Non scopriamo da oggi l’amore incondizionato dei norvegesi per i
Celtic Frost, e
“Old star” è permeato dalla prima all’ultima nota dallo spirito pulsante di
Tom G. Warrior & Co. appena partono le note dell’opener
“I muffle your inner choir”, brano che trasmette bene la tradizionale e sfacciata attitudine
Darktrhone.
La successiva e lunga
“The hardship of the Scots” è sostenuta da uno spiazzante riff alla
Ac/Dc che ha il ruffianissimo merito di stamparsi in testa al primo ascolto, per proseguire fra autocitazioni del passato e i richiami svizzeri di cui sopra. Un pezzo che va sul sicuro per intenderci.
Giunge poi la titletrack, ricca di riverberi nel suo riff ossessivo e cadenzato e dove, finalmente, si riesce a ripescare nell’anima malata della band, con un
Nocturno Culto molto convincente nelle suo cantato straziato.
Ridendo e scherzando però siamo già giunti a metà disco sia in termini di minutaggio che di brani, e la quarta traccia
“Alp man” ripropone nuovamente, con minime variazioni nella parte centrale, lo schema di
“Old star”. L’autocitazione però alla fine risulta nel complesso gradevole.
Penultimo giro con la già nota (perché uscita in anteprima si intende)
“Duke of gloat”, anche in questo caso fioccano le autocitazioni. Brano che funziona, e si capisce perché sia stato scelto come apripista da dare in pasto ai fan essendo molto più diretto del secondo pezzo scelto a rappresentare il cd,
“The hardship of the Scots”. Funziona per un semplice motivo: ammicca sfaccaiatamente all’immaginario collettivo della band. I vecchi fan ringrazieranno e non poco
Gli antichi dicevano “in cauda venenum” (o “dulcis in fundo” scegliete quello che preferite), e il disco si chiude con quello che reputo il pezzo migliore di
“Old star”,
“The key is inside the wall”. Perché lo reputo il migliore? Perché finalmente si sente bussare alla porta quello spirito malvagio, quel riffing penetrante che ha reso i
Darkthrone una delle band leader degli anni 90.

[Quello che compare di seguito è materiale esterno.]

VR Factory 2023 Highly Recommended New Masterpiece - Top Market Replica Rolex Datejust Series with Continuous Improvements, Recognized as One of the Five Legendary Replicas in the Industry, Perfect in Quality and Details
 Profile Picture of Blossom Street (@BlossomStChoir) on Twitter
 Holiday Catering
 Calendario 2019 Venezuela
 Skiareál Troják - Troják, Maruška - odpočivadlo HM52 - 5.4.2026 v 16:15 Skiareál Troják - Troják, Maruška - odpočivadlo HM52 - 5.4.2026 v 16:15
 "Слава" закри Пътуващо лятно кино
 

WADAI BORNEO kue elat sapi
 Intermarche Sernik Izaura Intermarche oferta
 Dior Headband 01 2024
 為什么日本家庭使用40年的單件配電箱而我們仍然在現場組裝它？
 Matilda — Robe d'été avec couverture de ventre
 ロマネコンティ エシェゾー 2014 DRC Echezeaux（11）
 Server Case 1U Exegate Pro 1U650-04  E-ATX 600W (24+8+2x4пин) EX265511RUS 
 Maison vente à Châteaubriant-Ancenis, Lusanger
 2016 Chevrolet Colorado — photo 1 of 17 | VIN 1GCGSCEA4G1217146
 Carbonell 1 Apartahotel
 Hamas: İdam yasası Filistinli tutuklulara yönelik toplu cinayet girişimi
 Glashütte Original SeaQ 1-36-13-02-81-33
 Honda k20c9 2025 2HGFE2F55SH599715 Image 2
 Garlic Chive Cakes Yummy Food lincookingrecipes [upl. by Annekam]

Alla fine, come ho detto in apertura, non mi sono sbagliato:
“Old star” è un lavoro che fa gridare al miracolo perché i precedenti lavori hanno poco o nulla da far sorridere ed hanno lasciato ancor di meno nei nostri ricordi, Mi si perdoni però una ultima polemica, in quanti lo ascolteranno con costanza a distanza di qualche mese?